Architecture styles often blend, merge

I think it is important to look at architectural styles today. What is being built? Are the buildings appropriate for how we live and work in Southwest Florida? Are buildings today as well-suited to the sub-tropical climate as the early architecture built purely for function?

Last fall, I was asked to give a talk at a local community development department with Amy Nowacki, who was then president of the local chapter of the American Institute of Architects (AIA) — the national professional organization of architects. We had been asked to talk about the definitions of architectural terminology: What is a portico? What is a cupola? Arches? Loggias?

It was requested we give definitions from an architect’s perspective.

Most local community development departments these days are writing “design standards” — guidelines to help communities create an identity through their architecture. In theory, guidelines encourage better building aesthetics by suggesting alternatives to metal buildings or big concrete boxes, and the addition of architectural elements — details that add interest and break up large expanses of blank walls.

Design standards will usually outline heights, lengths, materials, colors and architectural elements. Some are obligatory; others must be chosen from a list — say two or three elements from a list of 15.

Often the standards provide rules that steer new developments toward a certain style In South Florida, the design standards often advocate architectural components from Mediterranean style architecture, so it seemed like a good style to use as an example.

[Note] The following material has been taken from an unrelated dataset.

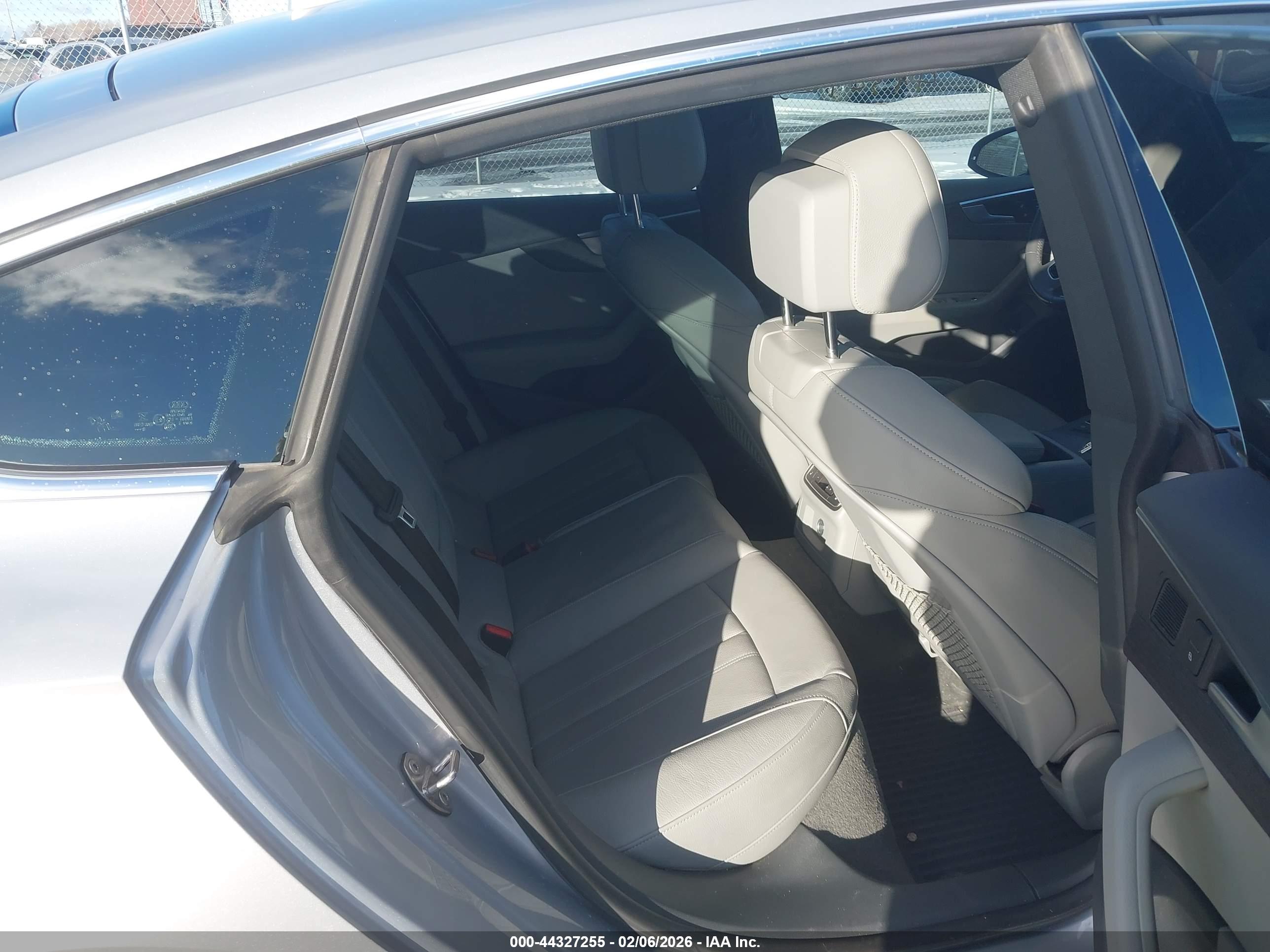 AUDI A5 image 8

What is Mediterranean architecture? It seems that all stucco and terra cotta roof buildings are classified as Mediterranean these days. But is the architecture here what they build now, or ever built in the Mediterranean?

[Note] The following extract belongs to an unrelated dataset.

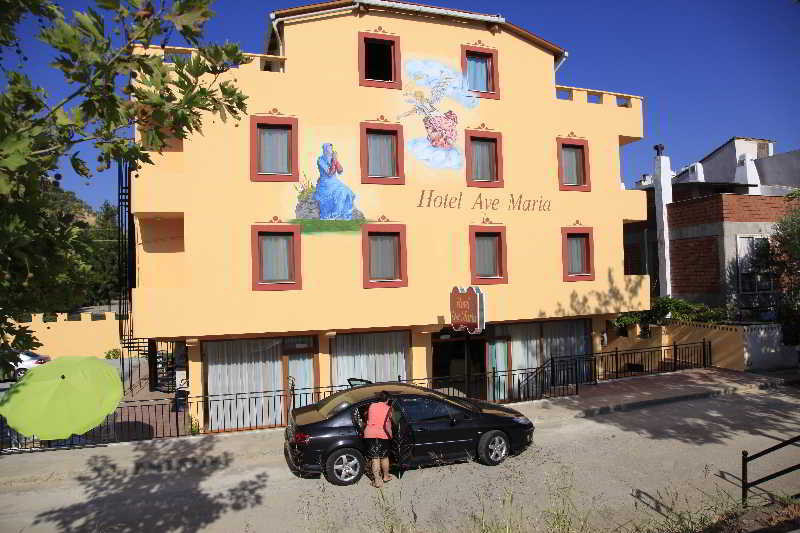 Ave Maria Hotel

To be frank, no. I’ve been to the countries along the Mediterranean and I can assure you they are not building “Mediterranean architecture.” Rather, what is found all over the southern United States is a diluted evolution of Spanish Colonial and Mediterranean Revival styles.

Spanish Colonial Revival uses elements from the early architecture of mainland Spain, Mexico and the countries of South America. Although there is some Moorish (i.e., Arab) influence from the 12th century it is nearly entirely influenced by the Spanish style from the 16th and 17th centuries.

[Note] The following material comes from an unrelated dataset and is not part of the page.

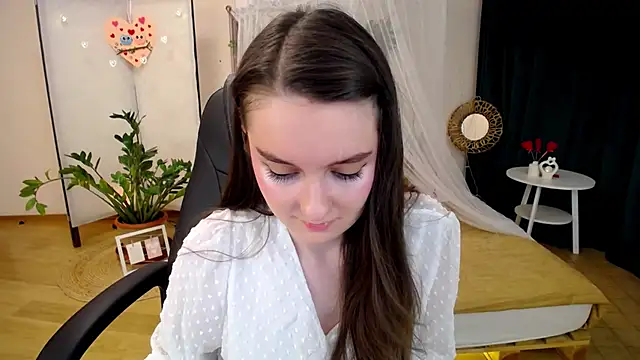 Snapshot of CloudGrace chatting on 02/16/25, 09:27 CloudGrace online show from 02/16/25, 09:27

Mediterranean Revival is more eclectic. Still true in form to traditional Spanish buildings, Mediterranean also incorporates references from places like Rome, Florence and Venice. The differences can be identified in the ornamentation or in the decorative craftsmanship: the cast stone moldings; the wrought ironwork used for window grilles, railings, gates and trims; and the touches of terra cotta details.

Since the construction of the first Spanish Colonial style buildings on Florida’s east coast in the late 19th century, revival styles have been used in the design of commercial buildings, hotels and houses. Thick masonry walls and stucco exteriors, low-pitched terra cotta tiled roofs, arches and small porches are are all characteristic of this style. So are loggias, open courtyards and tall double hung windows protected with canvas awnings or unprotected smaller decorative windows on outside walls.

However, these elements were not just randomly appropriated. Originally, each architectural element was chosen to minimize heat gain and promote cooling. Courtyards allowed the buildings to be turned inward — they could be opened up internally and easily ventilated.

Loggias and porticoes — corridors created by a set of arches or columns, open to the outside — allowed windows to be deeply set and shaded. The roofs were a combination of low-pitched hipped, gabled or shed roofs mixed with areas of flat roof. Little or no overhanging eaves left openings on the exterior unprotected, so canvas awnings or small sloping roofs over doors and entrances kept the rain and sun out.

Genuine terra cotta roof tiles would withstand the hot sun and reduce the transfer of heat to the interiors. Small balconies and porches with decorative wrought iron railings allowed breezes to circulate air on the upper floors. And it is important not to forget that careful consideration of the landscaping was critical to maximizing shade.

The ornate details of Spanish and Mediterranean Revival were in complete contrast to the pure and simple aesthetic of Florida Cracker style discussed in last month’s column. Both styles, however, were functional — providing shelter and shade from the hot sun.